Collected data entries
%%

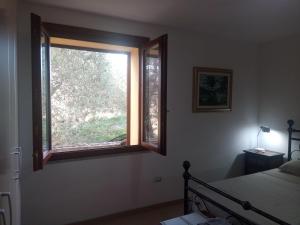 A bed or beds in a room at Residence degli ulivi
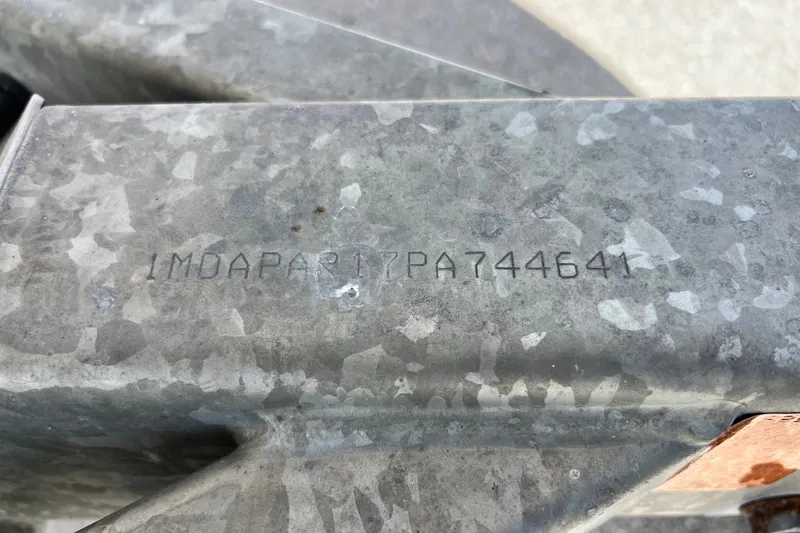 Slide: The Image of VIN number on a 2022 Yamaha Boats AR190, engraved on a metal surface. - 12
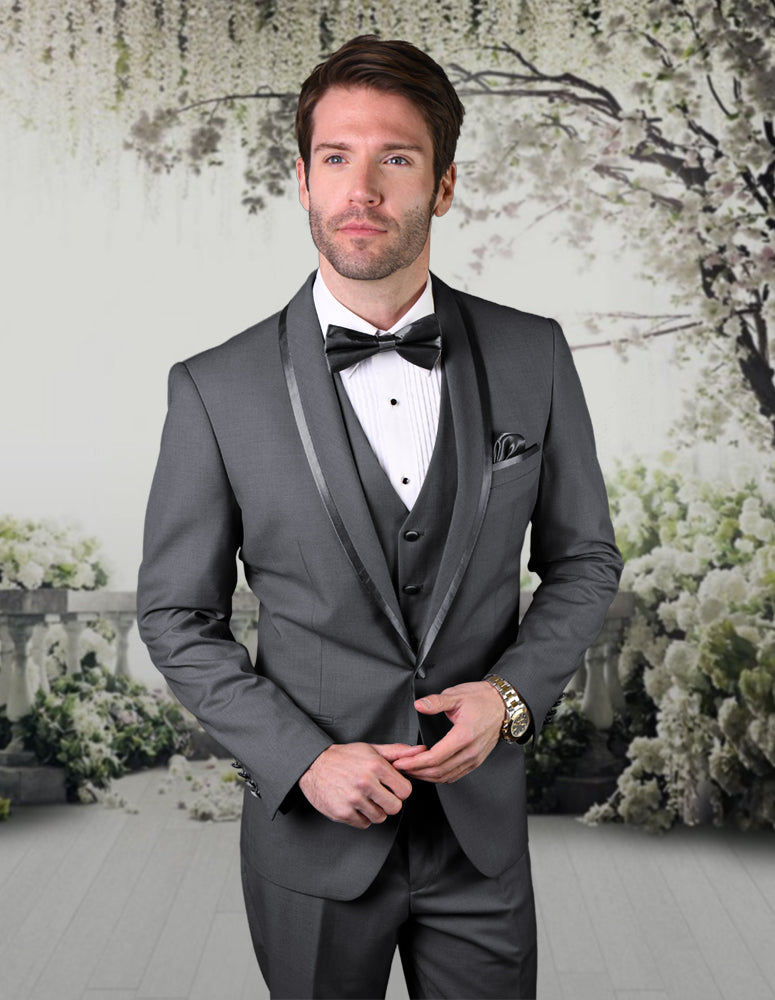 A man dressed in the STATEMENT CLOTHING | CAESAR-CHARCOAL tuxedo from Statement Clothing, paired with a crisp white shirt and an elegant bow tie, stands against a floral backdrop.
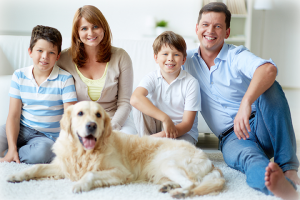 Complete Care Systems - Leading Pasco County Carpet Cleaners - Happy Family with Dog Image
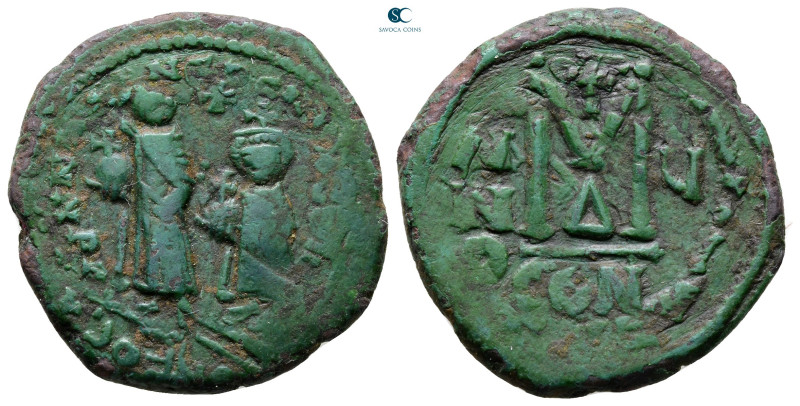 Heraclius with Heraclius Constantine AD 610-641. Constantinople
Follis or 40 Nu...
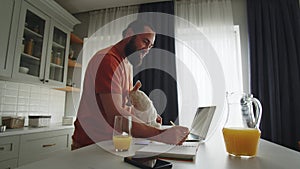 A young bearded man in a good mood stands sideways in the kitchen, uses a laptop to searching and typing information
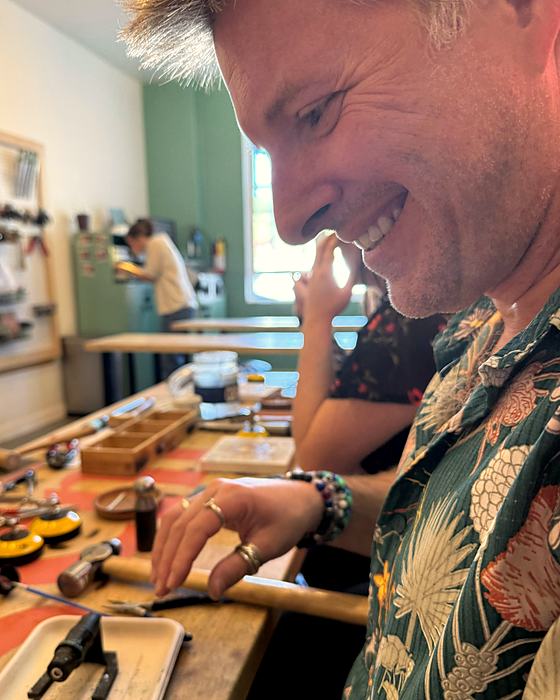 A person smiling at a workbench crowded with jewelry-making tools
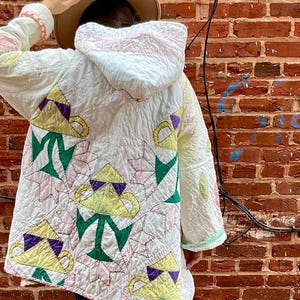 May include: A quilted white coat with a hood, featuring a repeating pattern of yellow teacups with purple accents and green leaves. The coat is worn with blue jeans and tan boots. The background is a brick wall.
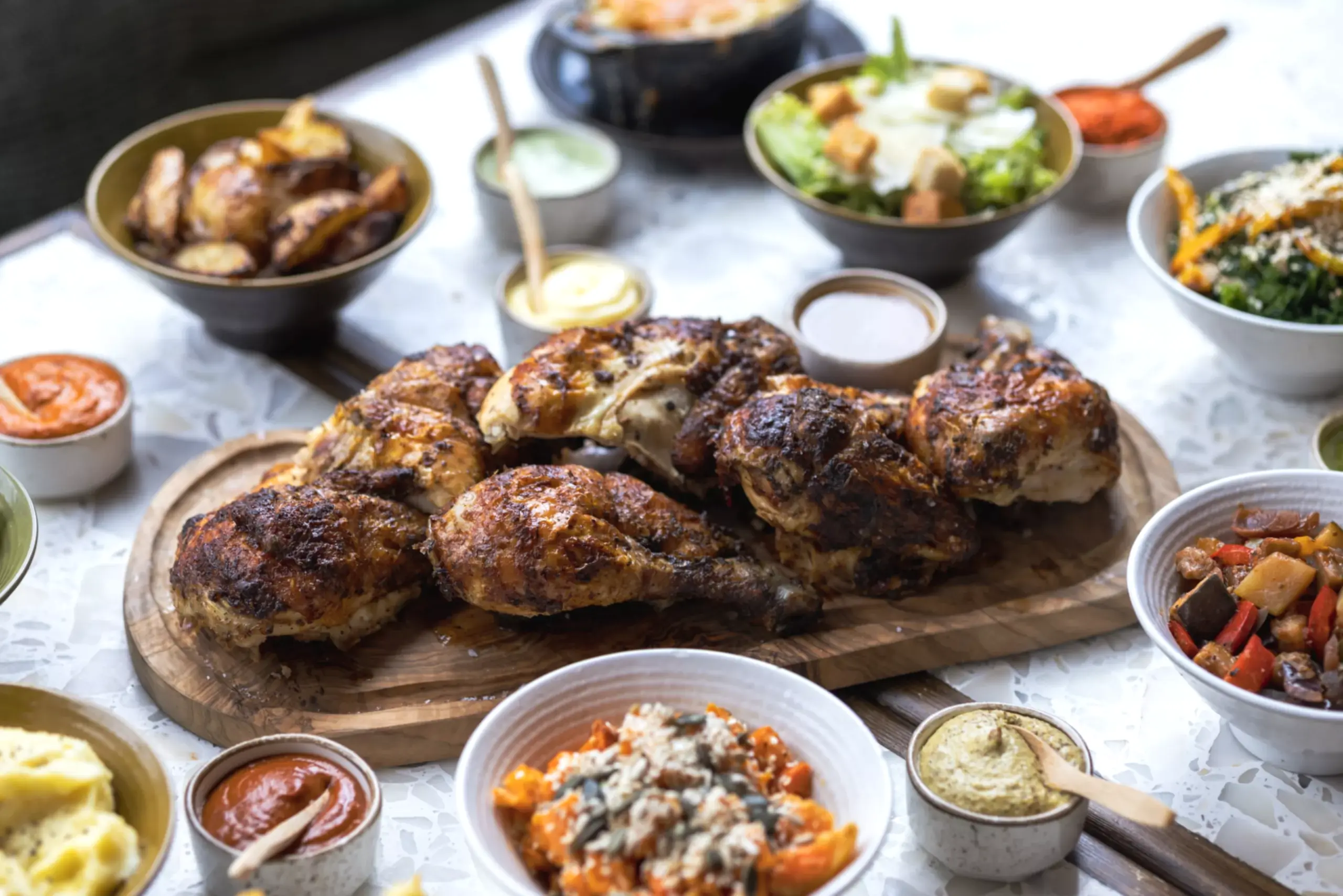 Rotisserie chicken on a table next to side dishes at Cocotte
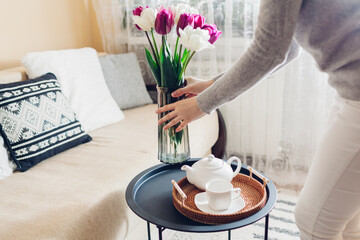 Woman puts vase with tulips flowers on table. Housewife taking care of coziness at home. Interior and spring decor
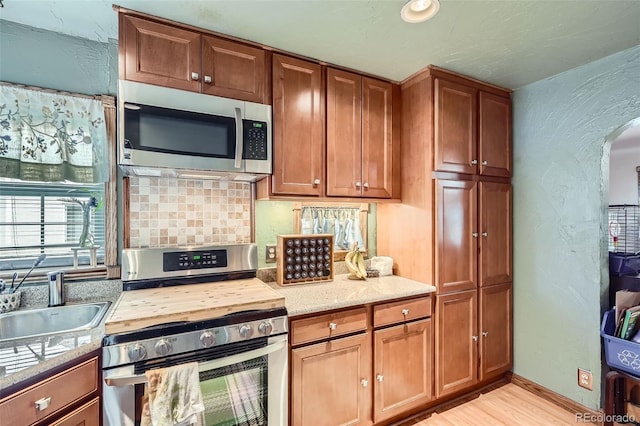 5704 Ammons St, Arvada, CO 80002 - kitchen featuring stainless steel appliances, light wood-style flooring, a sink, arched walkways, and brown cabinetry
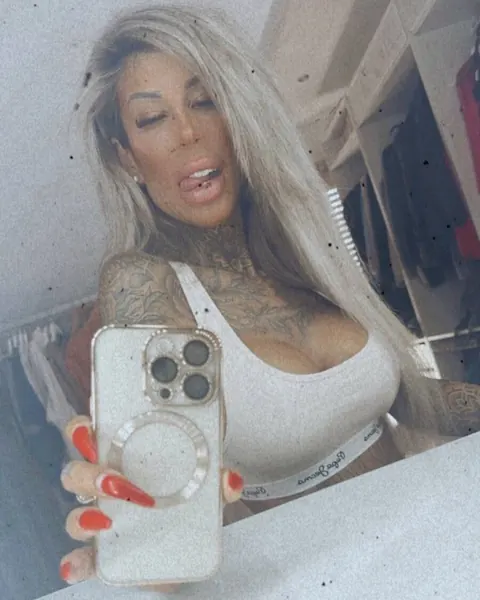 Tattooed Amateur Poses in a Thong and Shows Her Ass – photo 15 of 16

%%

- [PROBLEM]:
Your output must match the records word for word, apart from the images, which are left out.

- [COMPLETED TASK]:
 A bed or beds in a room at Residence degli ulivi
 Slide: The Image of VIN number on a 2022 Yamaha Boats AR190, engraved on a metal surface. - 12
 A man dressed in the STATEMENT CLOTHING | CAESAR-CHARCOAL tuxedo from Statement Clothing, paired with a crisp white shirt and an elegant bow tie, stands against a floral backdrop.
 Complete Care Systems - Leading Pasco County Carpet Cleaners - Happy Family with Dog Image
 Heraclius with Heraclius Constantine AD 610-641. Constantinople
Follis or 40 Nu...
 A young bearded man in a good mood stands sideways in the kitchen, uses a laptop to searching and typing information
 A person smiling at a workbench crowded with jewelry-making tools
 May include: A quilted white coat with a hood, featuring a repeating pattern of yellow teacups with purple accents and green leaves. The coat is worn with blue jeans and tan boots. The background is a brick wall.
 Rotisserie chicken on a table next to side dishes at Cocotte
 Woman puts vase with tulips flowers on table. Housewife taking care of coziness at home. Interior and spring decor
 5704 Ammons St, Arvada, CO 80002 - kitchen featuring stainless steel appliances, light wood-style flooring, a sink, arched walkways, and brown cabinetry
 Tattooed Amateur Poses in a Thong and Shows Her Ass – photo 15 of 16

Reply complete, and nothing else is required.